In June of this year, I had a crazy deadline I had to meet—a book from start-to-finish in a month, with a hard deadline in the form of an Amazon pre-order (let us not discuss the foolishness of setting up that pre-order, as I am currently repeating said foolishness).
Long story short: I made the deadline. And the book was more like 65-70k than my targeted 50k (SIGH), but sometimes there’s just hella lot of story to tell. But the important part was this: I did it without massive amounts of stress.

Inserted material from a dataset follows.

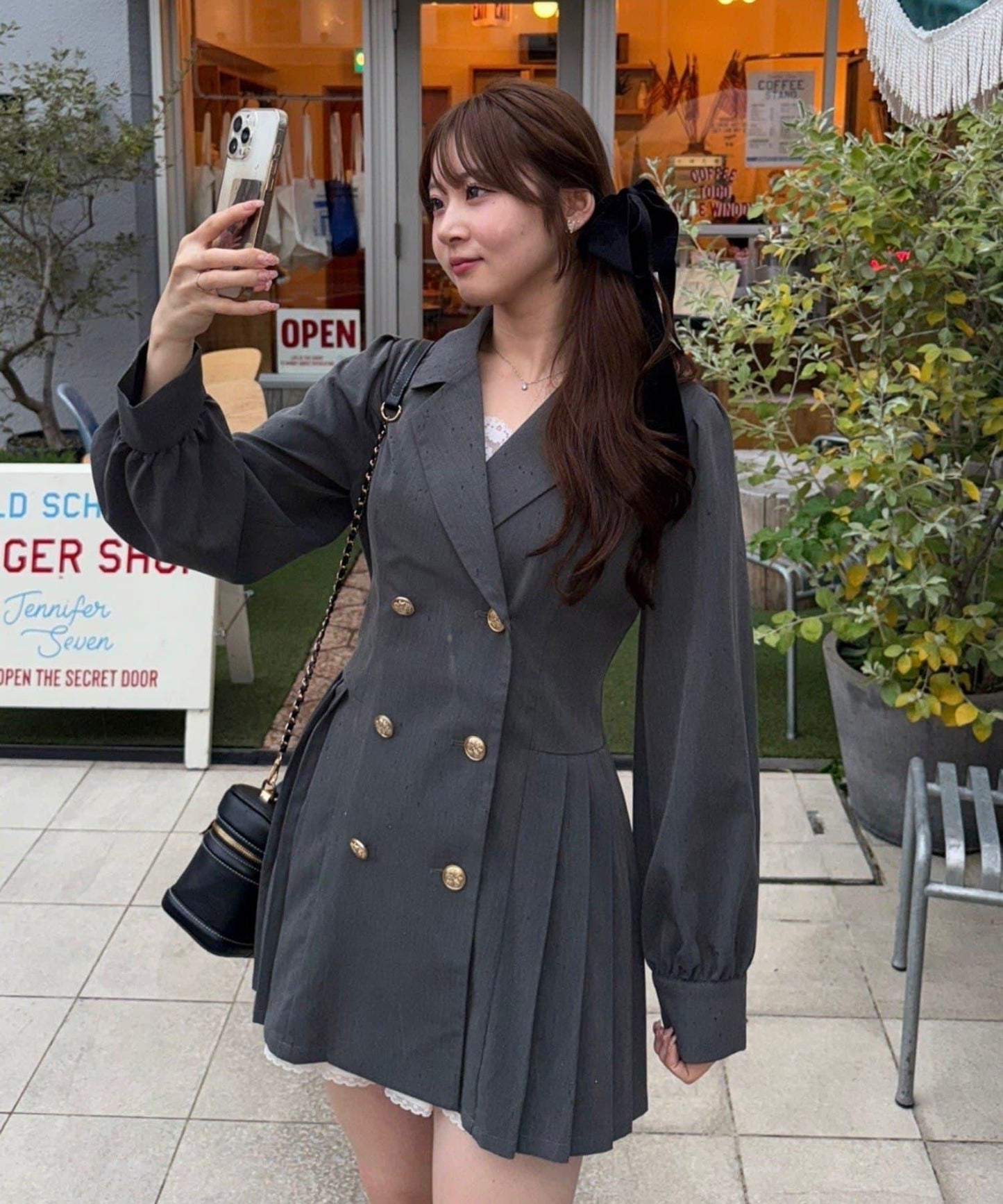 西裝領百褶迷你連衣裙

Now normally, I can write a Penname 50k novel in less time (2.5 weeks start to finish), but this was an SKQ Challenge Level novel, so for me, this was a pretty impressive feat. So impressive, in fact, that it changed my entire outlook on stress, writing, and the kind of life I wanted to lead (plus sparked the idea for a book, The 45 Minute Writer, which is still a work-in-progress).
Here’s how it went down:
**3 days of outlining (this was Bk2 in a series)

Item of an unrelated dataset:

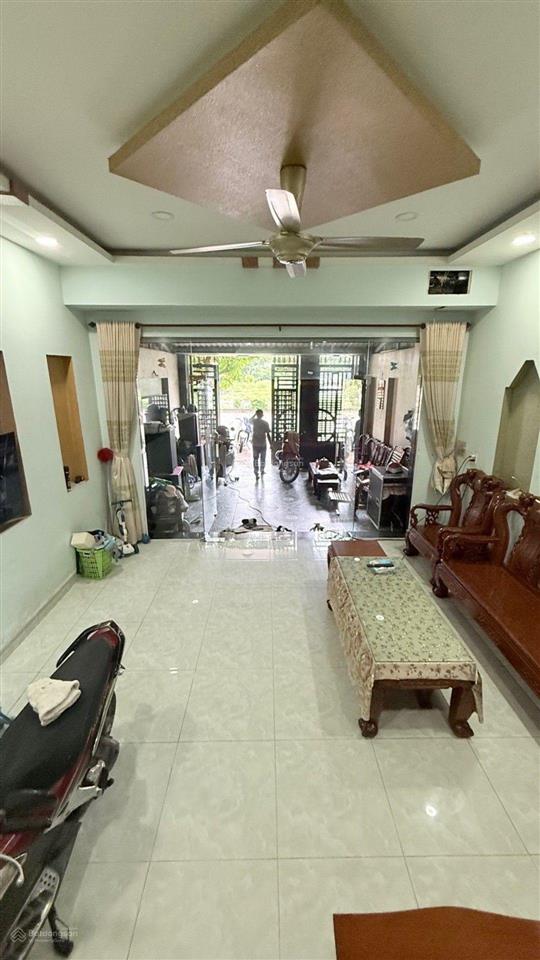 Chủ ngộp ngân hàng bán gấp nhà ngay vincom dĩ an, 100m2 đường 16m, sổ hoàn công nhỉnh 7 tỷ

**23 days of writing (avg wordcount 2956)
THINGS I DIDN’T DO:
*stop exercising
*stay up late
*binge eat Oreos
*work all day
*get majorly stressed out
THINGS I DID DO:
*meditate
*word sprints
*take breaks every day, all day long
*inspirational reading (DARING GREATLY)
Yes, I did work a lot, but I’m keenly aware that consistent creative output can’t be jammed through like working overtime on spreadsheets or engineering problems. I have to double down on my self-care if I want high productivity in my creative work, otherwise my mind hits a wall, my body rebels, and my stress goes through the roof. One of the key tricks here was to make a list of 15 minute “break things” that I could alternate with my 45 min writing sprints. The list included things like weeding, cleaning the kitchen, chilling in the backyard with my feet in the grass, meditation. Something physical was best. Something that would give my brain a rest and refresh my body. It’s amazing the creative stamina you can have when you alternate it with these kinds of breaks (notably not social media breaks). And a heck of a lot of weeding got done!
If your takeaway from this is why can’t I write a novel in a month?? you’re not getting the message I want to send.

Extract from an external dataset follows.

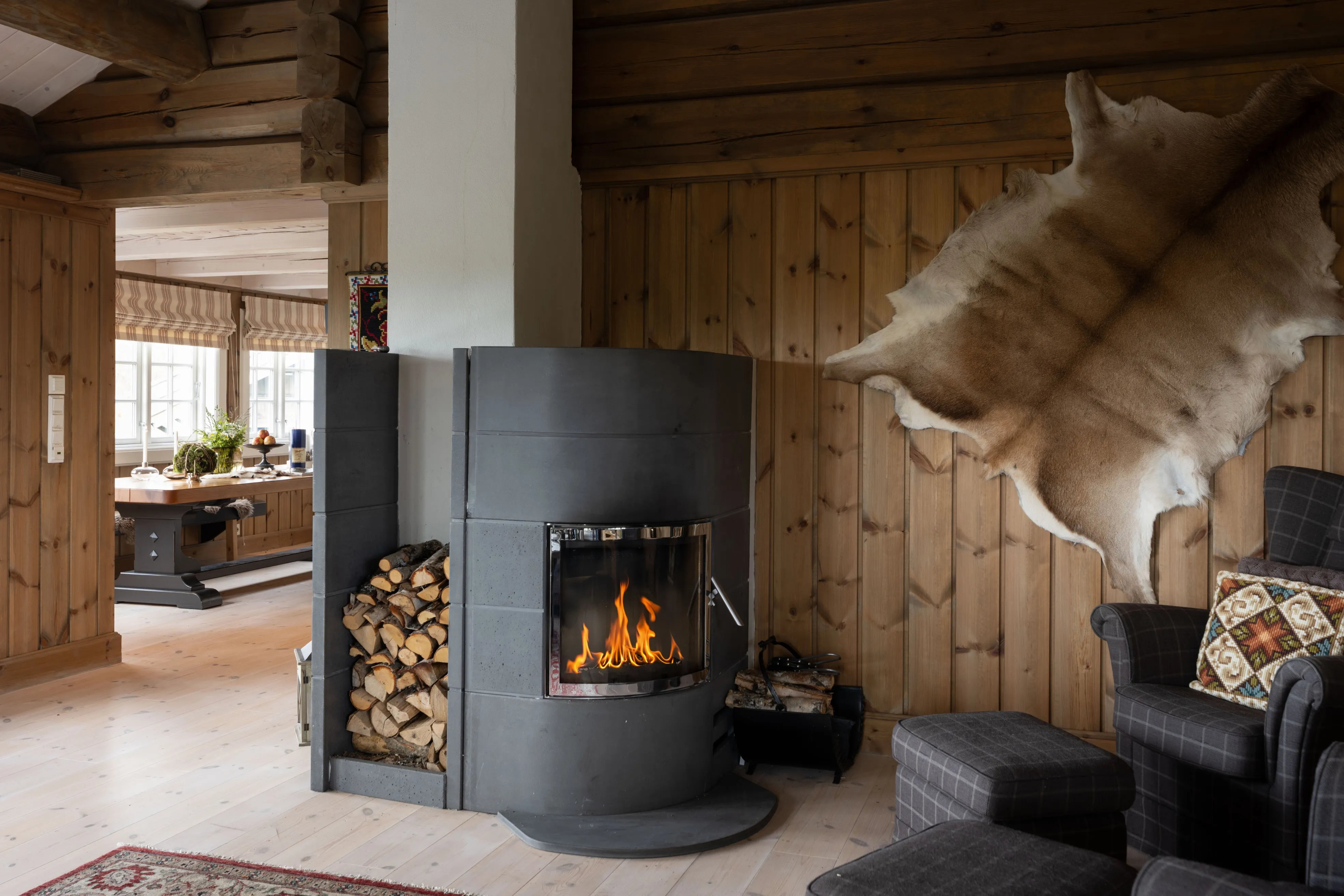 Contemporary 4-Bedroom Cabin in Geilo with Sauna and Scenic Terrace - View image 6 of 41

So here it is: self-care and focus trumps stressing out and browbeating yourself to meet deadlines. Dramatically so. Enough that you should give it try.
This is an extremely timely post for me as I need to double down (or is it Level Up?) and work through some serious revisions of a 100k novel as well as outline my next project all within the next 6 weeks. Thank you for sharing–and I look forward to reading the 45 Minute Writer whenever it hits the virtual shelves!